On the positive side, starting a website, creating prototypes of applications, building brands on social media platforms, and more, are all hallmarks of the modern economy, and are all extremely fast endeavors to undertake. Contra the 1950s when raw marketing and manufacturing material required heavy capital, today a startup is born every minute due to the very low cost of operating.
Now the real treasure chest of insight at the InBound conference was Shah’s bold pronouncements about artificial intelligence (AI) and it’s relationship to the future of marketing. AI, he notes, will impact marketing and sales in a revolutionary way, similar to how Amazon revolutionized shopping. GrowthBot, a marketing chatbot created by Shah and his contemporaries, is the first attempt in revolutionizing the way marketing is done.
Things like lead routing, predictive lead scoring, email acquisition, and content recommendations will all dramatically improve based on an automated, learning engine, Shah explains.

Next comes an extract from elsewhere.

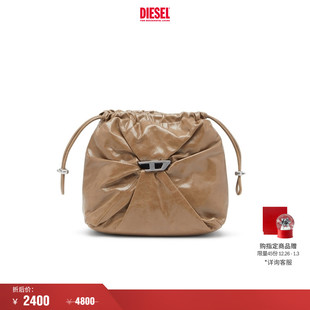 DIESEL女士BUCKET抽绳斜挎包水桶包X10325P1003 折扣 礼物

Chatbots are already improving how people visit and interact with the internet. Plugins and automated engines fulfill a similar task. Chatbots act as a natural and intuitive cyber-guide for customers to search, understand, and buy goods.
Automation of this sort sits well with the overarching theme of the modern lifestyle: seamlessness and enhanced user-ability. Self-service checkouts at the market allow us to be in and out on our own accord, ATMs and mobile apps allow us to transfer money and pay bills without the slowing intermediary of another person.

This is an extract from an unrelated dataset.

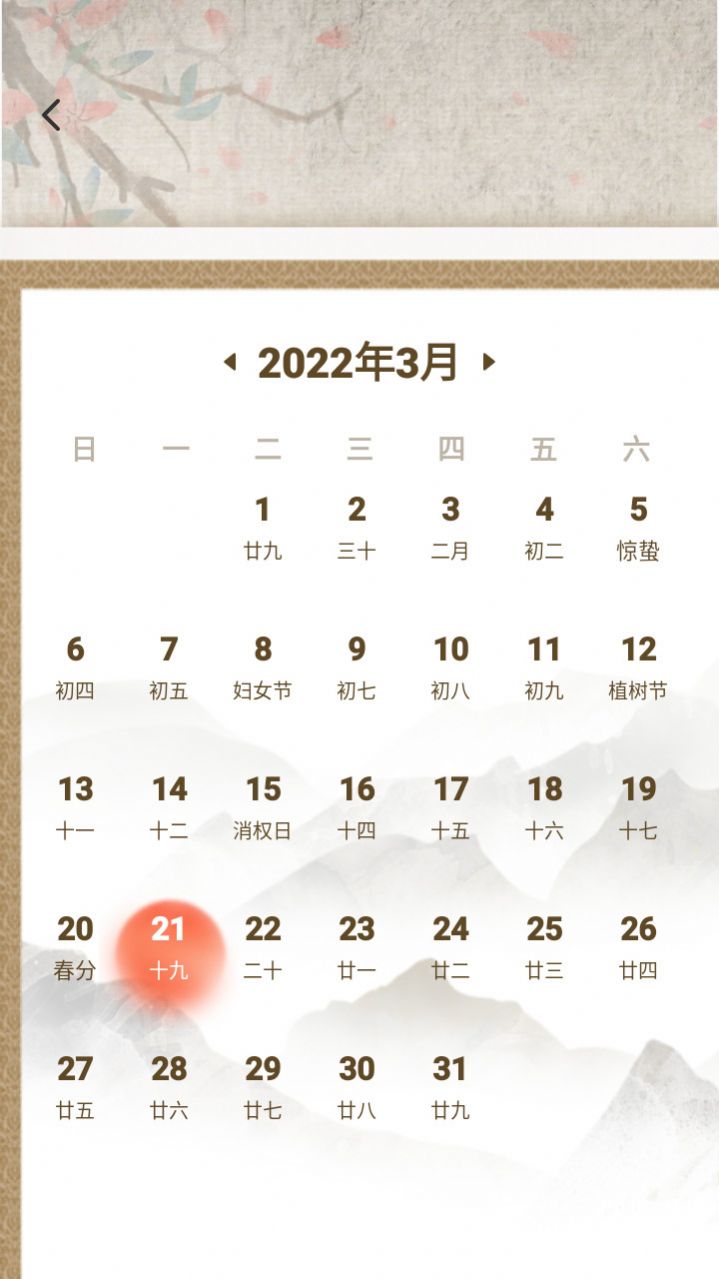 hao日歷黃歷通app最新版截圖1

Whereas some have thought that automated bots would act as a slowing intermediary of sorts – and this is a legitimate fear – very well designed bots actually trim the time a client spends on research and analysis, getting them out the figurative door with ease and comprehension.
The ‘marketing conversation of the future’, Shah notes, will become a human-machine conversation, always accessible and much more knowledgeable. “Machines,” Shah explains, “will be much better matchmakers, connecting leads to the perfect sales person. I believe that in the next few years we are going to have autonomous, self-driving, marketing automation.”
Existing marketing methodology consists of taking a host of marketing inputs and making decisions about those bits of data. In the future, this sifting through of data, sending out of optimal content, and more, will be initiated by machines who can perform such tasks at a much faster and finer pace.
In this new customer landscape, attracting buyers to one’s business is an increasingly herculean task. The huge amounts of data to sift through, the rapid change in software and technology, and the highly personalized customer interests make the accurate management of it all a near impossibility.
It’s about time we call on the aid of machines to manage and process the sea of information – as software has done with Big Data – so that marketers can get on with their more meaningful duties of productive conversation and interaction with customers.
Lastly, in case you are too busy to tune into the entirety of the InBound keynote speech, I transmit to you a host of helpful points collected from the speech which are tangential to the main thesis of this post:
- Adding value to customers is more important than extracting value from them.
- The best (marketing) content is CONTEXTUAL. Email and other media must be personalized, tailored, meaningful, and relevant. Gone are the days of bulk email spamming with pseudo-personal touches like adding a name to the introduction.
- Automate the buying process. In an era of hyper-multitasking, customers want self-service and a quick and seamless path to closing the transactions and going about their business.
- Accelerate content: combine paid marketing with content marketing.
- Present value before the purchase. In an era where supply outstrips demand, marketers must offer value BEFORE their prospects buy. Prospects are looking at dozens of similar products and services other than your own and traditional good reviews of your product don’t quite cut it anymore (although good reviews continue to be a staple).